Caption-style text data
========

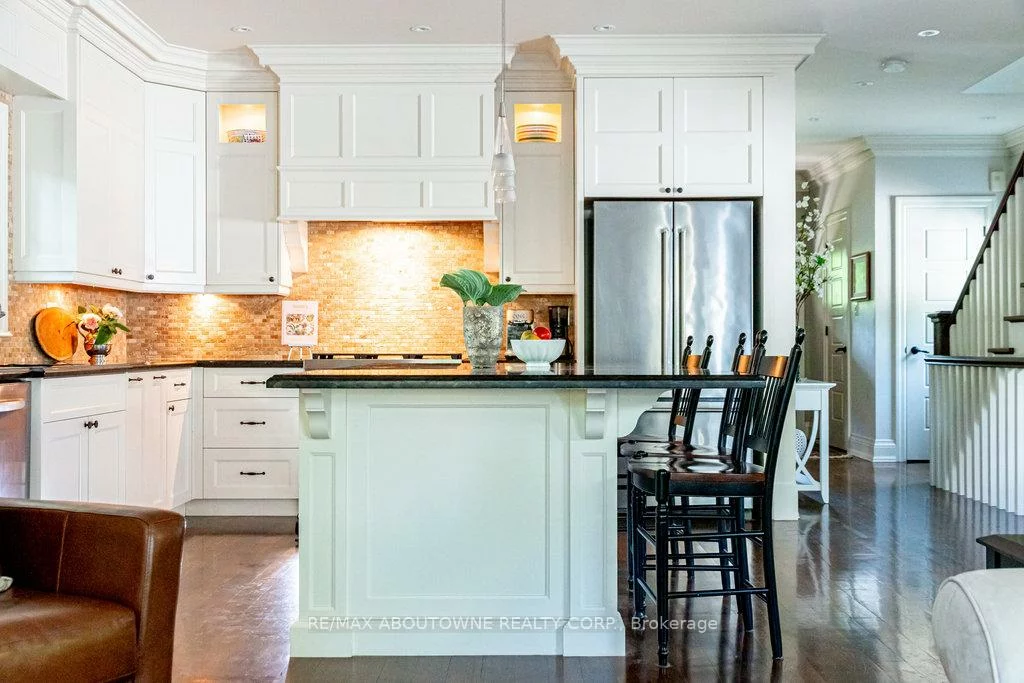 44, Head, 1002 - CO Central, Oakville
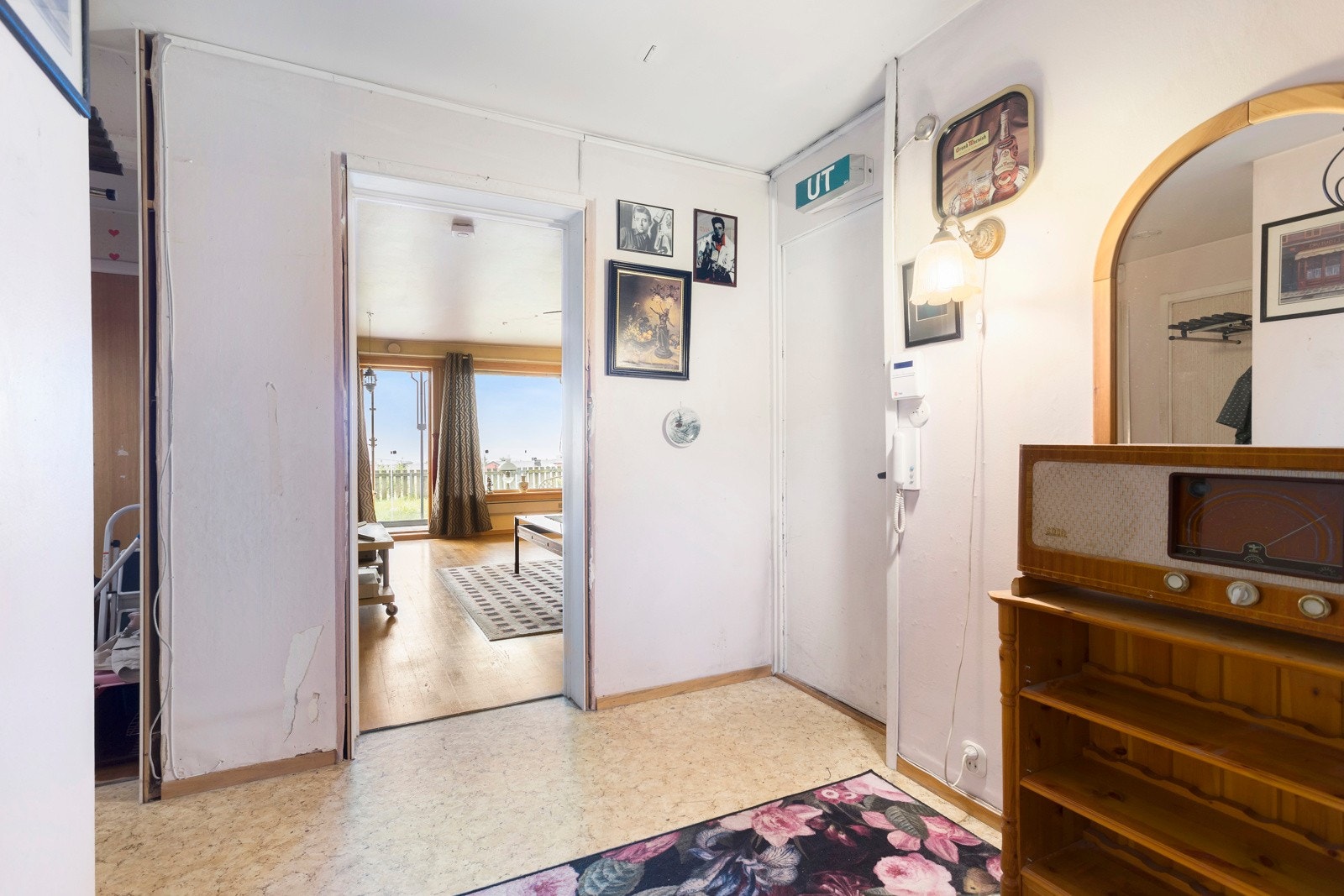 Med gode muligheter for oppbevaring og plass til praktisk møblement, har denne entreen et stort potensial for å bli både funksjonell og stilfull. Galleribilde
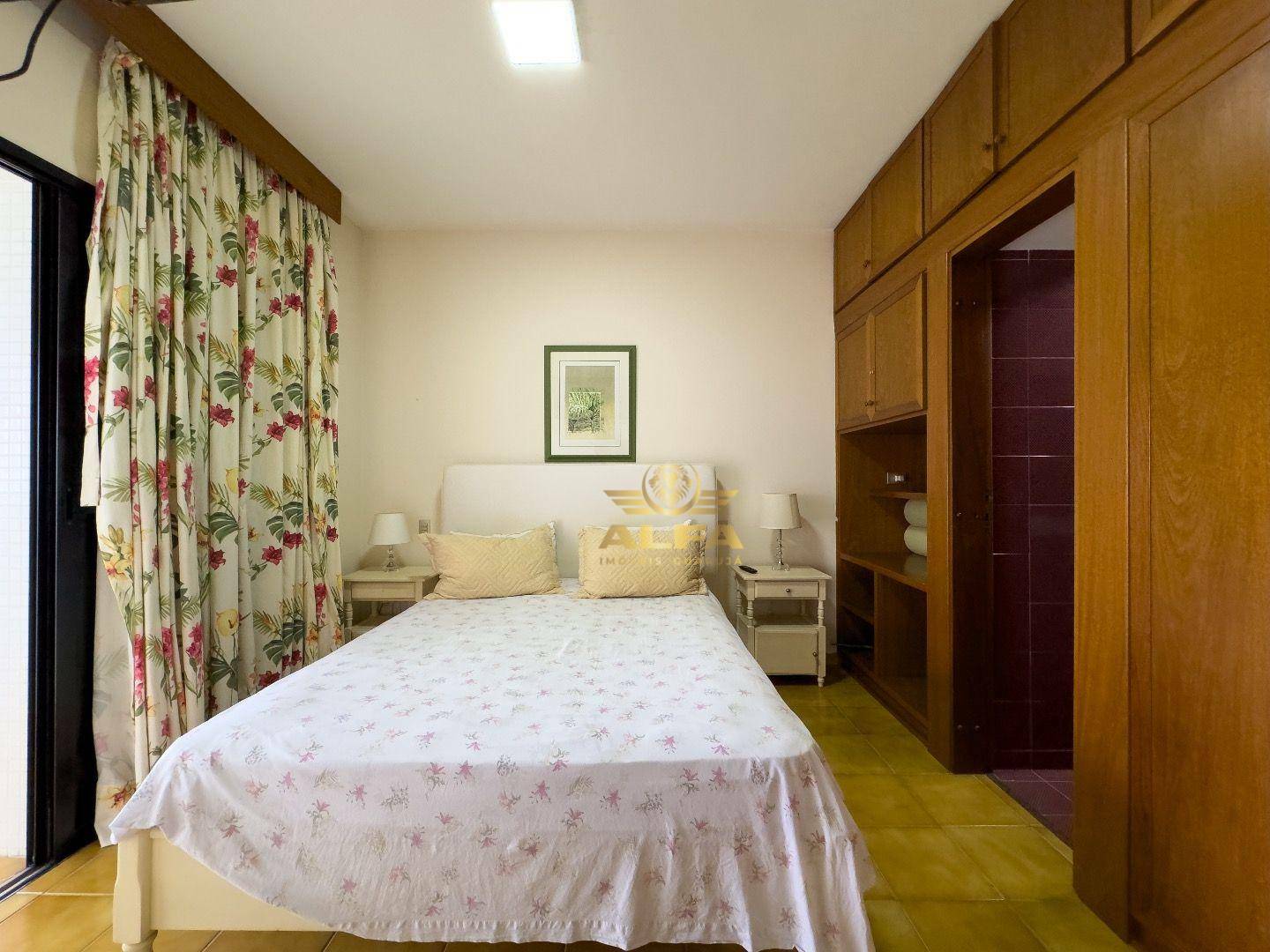 Apartamento à venda com 3 quartos, 159m² - Foto 13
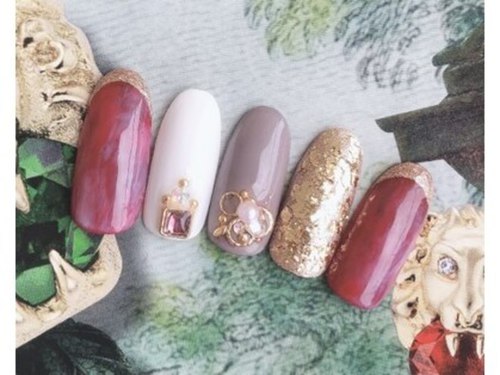 セレキュア(Private nail care salon Celecure)(京都府京都市下京区四条通室町東入函谷鉾町85-1-2F)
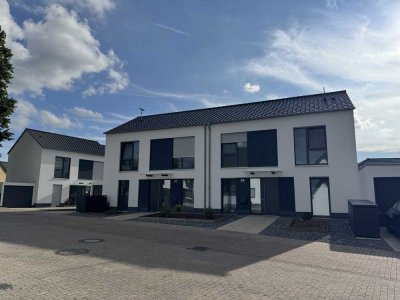 Ansprechende Neubau- Doppelhaushälfte in Bergisch Gladbach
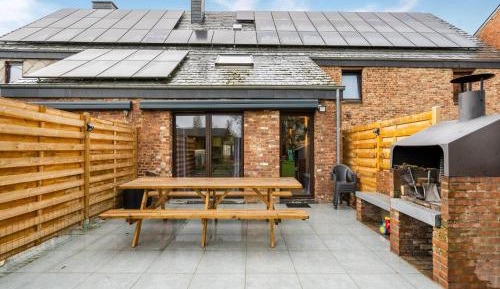 Three-Bedroom Vacation Home 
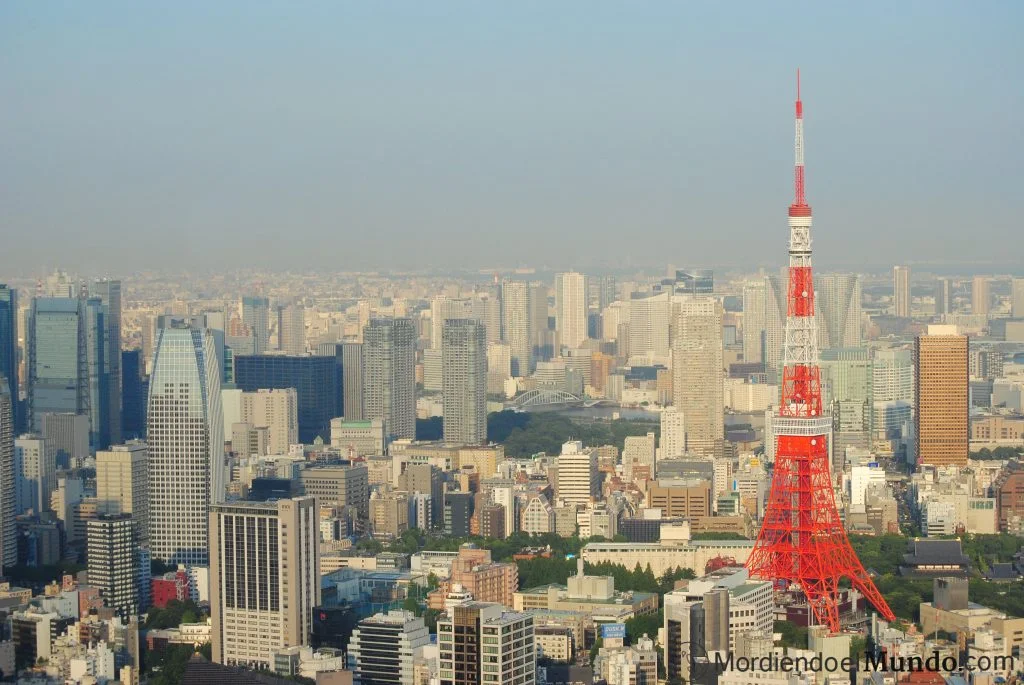 Vistas de la Tokio Tower desde la torre Mori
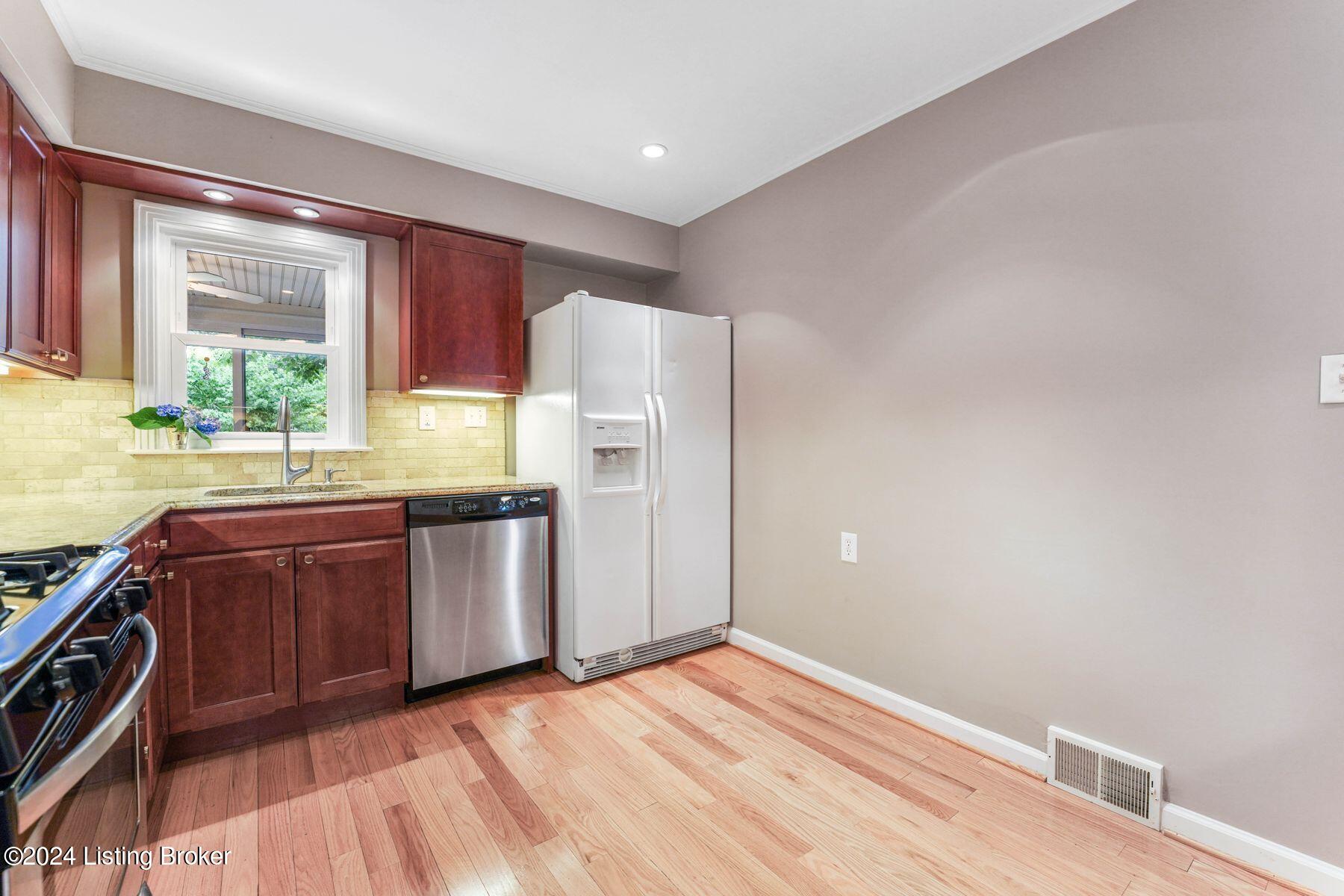 208 Marshall Dr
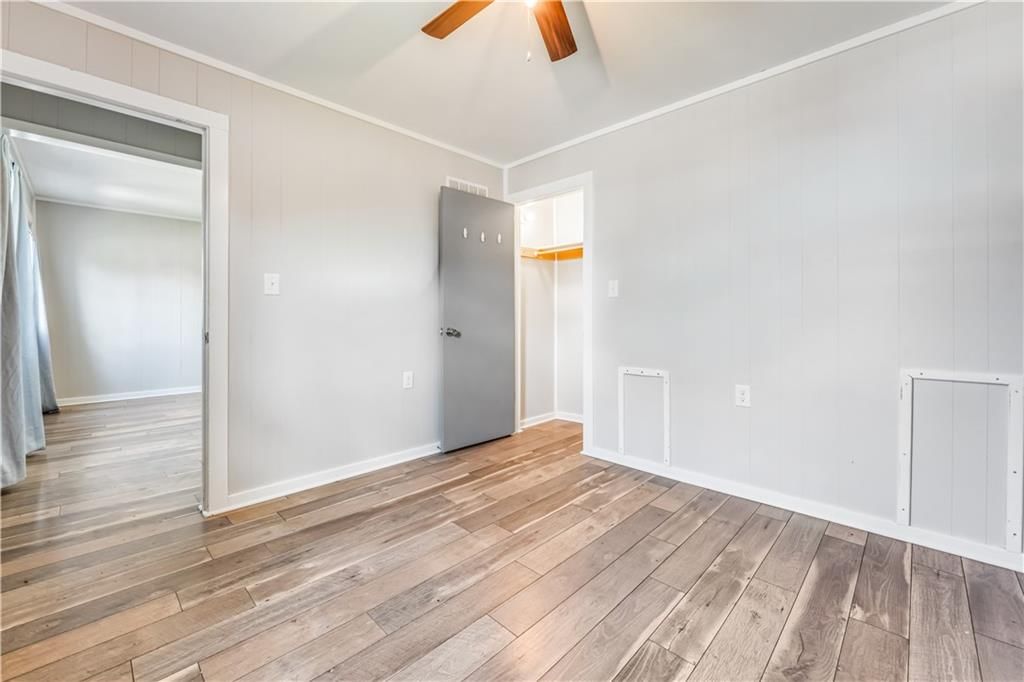 218 W South Street — photo 33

========

Give the records again exactly, without pictures.

--- RESPONSE TO THE EXERCISE ---
 44, Head, 1002 - CO Central, Oakville
 Med gode muligheter for oppbevaring og plass til praktisk møblement, har denne entreen et stort potensial for å bli både funksjonell og stilfull. Galleribilde
 Apartamento à venda com 3 quartos, 159m² - Foto 13
 セレキュア(Private nail care salon Celecure)(京都府京都市下京区四条通室町東入函谷鉾町85-1-2F)
 Ansprechende Neubau- Doppelhaushälfte in Bergisch Gladbach
 Three-Bedroom Vacation Home 
 Vistas de la Tokio Tower desde la torre Mori
 208 Marshall Dr
 218 W South Street — photo 33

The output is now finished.